_Stored data:_
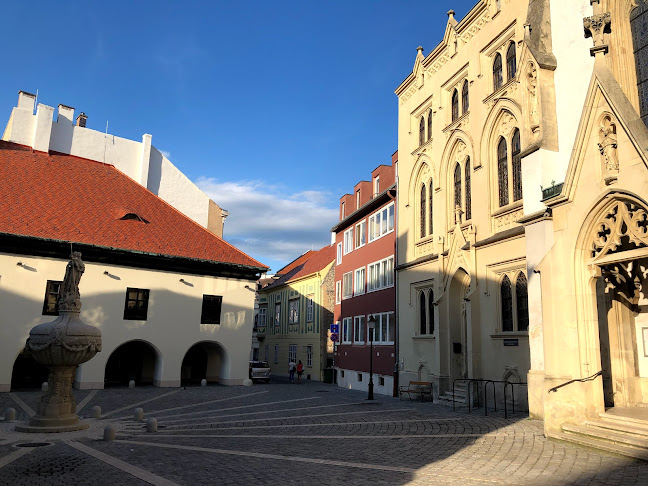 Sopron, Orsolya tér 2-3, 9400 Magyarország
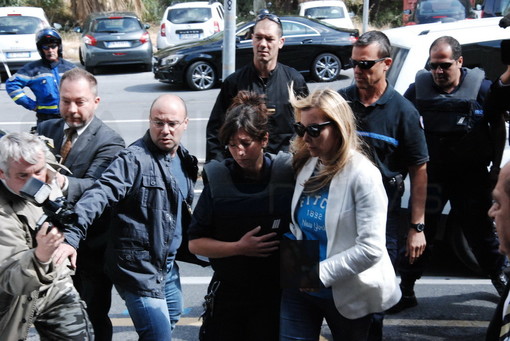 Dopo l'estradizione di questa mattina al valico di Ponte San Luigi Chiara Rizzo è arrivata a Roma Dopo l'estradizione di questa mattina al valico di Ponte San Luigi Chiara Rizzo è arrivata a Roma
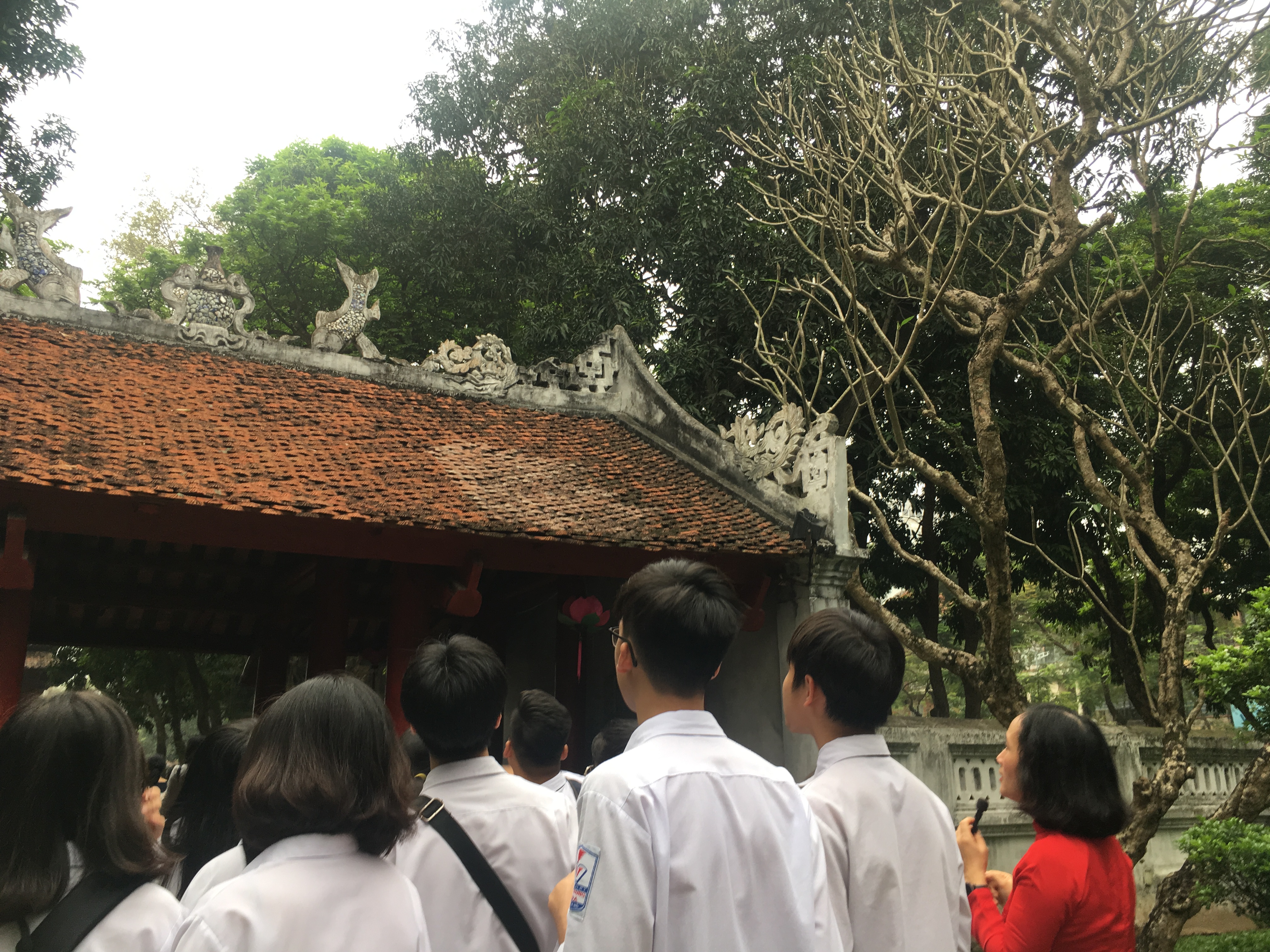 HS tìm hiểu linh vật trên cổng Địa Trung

_Action item:_
The complete material, set down exactly and stripped of pictures, is the expected response.

_Answer box:_
 Sopron, Orsolya tér 2-3, 9400 Magyarország
 Dopo l'estradizione di questa mattina al valico di Ponte San Luigi Chiara Rizzo è arrivata a Roma Dopo l'estradizione di questa mattina al valico di Ponte San Luigi Chiara Rizzo è arrivata a Roma
 HS tìm hiểu linh vật trên cổng Địa Trung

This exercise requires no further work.